Биография непрожитого, или Время жестоких чудес | страница 17
Чем более отвлеченные концепции использует Лем в своей прозе, чем в более невероятных условиях его герои пытаются реконструировать собственное Я, тем — таков парадокс! — ближе оказывается художественная структура произведения к традиционным литературным образцам. «Маска» в этом смысле особенно показательна. Приведем одну из многих параллелей.
Начало 60-х годов прошлого века, как известно, ознаменовалось в России выходом на арену «новых людей» — позитивистов-теоретиков, старавшихся непосредственно воплотить в повседневную жизнь собственные умозрительные концепции. Речь идет не только о героях романа Чернышевского «Что делать?», но и, например, о Подпольном человеке. Герой повести Достоевского абсолютно лишен какого бы то ни было внешнего, «социального» облика: «Я не только злым, но даже и ничем не сумел сделаться: ни злым, ни добрым, ни подлецом, ни честным, ни героем, ни насекомым». Однако перед нами вовсе не «человек без свойств», наоборот, он переполнен противоречащими друг другу замыслами и ощущениями, которые никак не складываются в некоторое осмысленное единство: «…они так и кишат во мне, эти противоположные элементы» (ср. в «Маске»: «И моя любовь к нему, и яд во мне — из одного источника»).

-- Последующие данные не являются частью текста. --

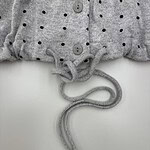 Close-up of a gray polka dot sweater with buttons and a drawstring at the hem, showcasing casual fashion style.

Безымянный герой Достоевского, собственно, — не живой человек, но некая абстракция, искусственно «изготовленная» вариация существа с безграничным самосознанием. Эту собственную ущербность, ненатуральность парадоксальным образом понимает и сам Подпольный человек, он квалифицирует себя как «антитез нормального человека», то есть как «человека усиленно сознающего, вышедшего, конечно, не из лона природы, а из реторты (! — Д. Б.)». Эксперимент Достоевского воспроизведен в повести Лема с использованием новейшего научного антуража, однако его художественный смысл во многом остался прежним: уязвленное рефлексией сознание способно излиться тяжким грехом, но может стать и началом высоких прозрений.
* * *
Я правда разочаровавшийся, но все же не отчаявшийся окончательно усовершенствователь мира. Ибо я не оцениваю человечество как «совершенно безнадежный и неизлечимый случай».
С. Лем, «Моя жизнь».
О Леме трудно говорить и судить нейтрально, не впадая в мемуарный тон и стиль. Ибо биографизм не только и не просто основной для польского писателя способ отношения к действительности. Все его творчество в целом неизбежно воспринимается ныне в неразрывной связи с бурными событиями 40 — 80-х годов нашего столетия. Книги Лема — живая биография послевоенного времени. По словам самого писателя, «та эпоха сокрушила и взорвала все прежние условности и приемы литературного повествования. Непостижимая ничтожность человеческой жизни перед лицом массового истребления не может быть передана средствами литературы». По всей вероятности, именно тогда появилось и окрепло у молодого литератора убеждение в исчерпанности традиционных литературных приемов. А новые взгляды и теории уже стояли на пороге. С одной стороны, неслыханный резонанс экзистенциализма, с другой — кибернетический бум, надежды на исчерпывающее описание мира средствами точных наук.